* [Work instruction]: Write out every entry exactly as it appears.

───── Provided records ─────

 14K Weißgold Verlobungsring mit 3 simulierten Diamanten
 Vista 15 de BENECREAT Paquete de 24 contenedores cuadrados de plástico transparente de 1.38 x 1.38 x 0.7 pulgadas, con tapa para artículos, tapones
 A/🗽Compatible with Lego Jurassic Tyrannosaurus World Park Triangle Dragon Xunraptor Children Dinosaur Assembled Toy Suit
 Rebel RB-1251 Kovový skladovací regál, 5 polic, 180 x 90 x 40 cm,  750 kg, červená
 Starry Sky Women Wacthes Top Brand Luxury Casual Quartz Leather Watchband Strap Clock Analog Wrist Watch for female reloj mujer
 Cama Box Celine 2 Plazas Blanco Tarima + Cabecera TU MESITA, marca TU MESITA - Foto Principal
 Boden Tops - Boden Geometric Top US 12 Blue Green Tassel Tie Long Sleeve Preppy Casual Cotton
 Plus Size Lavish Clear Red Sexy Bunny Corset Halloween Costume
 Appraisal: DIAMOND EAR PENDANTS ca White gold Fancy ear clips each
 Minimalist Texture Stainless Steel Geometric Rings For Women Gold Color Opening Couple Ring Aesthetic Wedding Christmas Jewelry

─────

* [Expected answer]:
 14K Weißgold Verlobungsring mit 3 simulierten Diamanten
 Vista 15 de BENECREAT Paquete de 24 contenedores cuadrados de plástico transparente de 1.38 x 1.38 x 0.7 pulgadas, con tapa para artículos, tapones
 A/🗽Compatible with Lego Jurassic Tyrannosaurus World Park Triangle Dragon Xunraptor Children Dinosaur Assembled Toy Suit
 Rebel RB-1251 Kovový skladovací regál, 5 polic, 180 x 90 x 40 cm,  750 kg, červená
 Starry Sky Women Wacthes Top Brand Luxury Casual Quartz Leather Watchband Strap Clock Analog Wrist Watch for female reloj mujer
 Cama Box Celine 2 Plazas Blanco Tarima + Cabecera TU MESITA, marca TU MESITA - Foto Principal
 Boden Tops - Boden Geometric Top US 12 Blue Green Tassel Tie Long Sleeve Preppy Casual Cotton
 Plus Size Lavish Clear Red Sexy Bunny Corset Halloween Costume
 Appraisal: DIAMOND EAR PENDANTS ca White gold Fancy ear clips each
 Minimalist Texture Stainless Steel Geometric Rings For Women Gold Color Opening Couple Ring Aesthetic Wedding Christmas Jewelry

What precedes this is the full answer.